Vision and Language
Since the advent of deep learning, Vision and Language—that is, research dealing with vision and natural language—has become one of the central topics in both computer vision and natural language processing. Understanding the meaning of images and videos, and being able to express that meaning in natural language, are considered to be closely related. Below, we introduce several examples of our laboratory’s work (some parts were translated into Japanese by ChatGPT).
Explain Me the Painting: Generating Descriptions for Paintings
Have you ever looked at a painting and wondered, “What kind of story lies behind this work?” In this research, we propose a framework for generating descriptions of fine art paintings in order to deepen the understanding of artworks and make art more accessible to people. Even with current AI technology, generating informative descriptions for artworks remains difficult. This is because doing so requires understanding and describing multiple aspects of a work, such as its style, content, and composition, while also adding knowledge about the painter, artistic influences, and historical background.
In this work, we introduce a multi-topic and knowledge-based framework. This framework structures the generated text around three artistic topics and further enriches each description by leveraging external knowledge.

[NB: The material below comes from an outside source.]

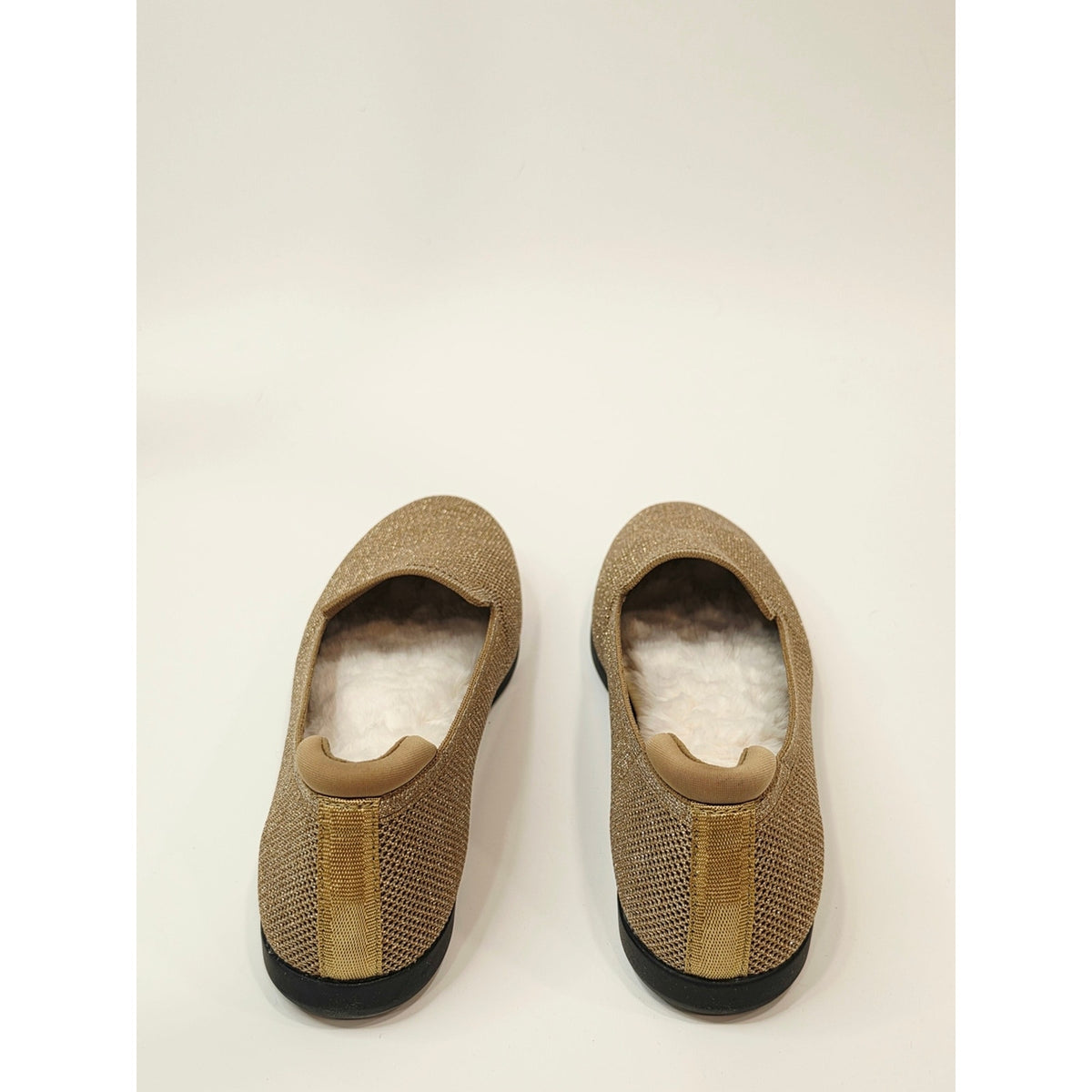 Clarks Cloudsteppers Washable Knit Slip-Ons in the style Carly Dream Fur in gold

Our framework achieved strong results in both quantitative and qualitative evaluations, as well as in human comparative evaluations, in terms of both topic diversity and information accuracy.
For details and code, please visit this page.
The Problem of Spurious Correlations in Evaluating Moment Retrieval Performance
Moment retrieval with natural language queries is the task of identifying and extracting the segment of a video that corresponds to a given query. Because it requires understanding the semantics of both natural language and video, it is an extremely challenging task. As with many other tasks in computer vision and machine learning, progress in moment retrieval has been supported by benchmark datasets, and therefore the quality of those datasets has a major impact on the entire research community working on this task.
In moment retrieval, as in many other tasks, various models have been proposed, and benchmark rankings have been continuously updated. In this study, we experimentally examine how accurately these benchmark results reflect the true capabilities of the models. If a benchmark fails to evaluate models properly, that is a serious problem. Our experimental results revealed that widely used benchmark datasets contain substantial biases, and that state-of-the-art models at the time appeared to exhibit behavior suggesting that they were exploiting these biases.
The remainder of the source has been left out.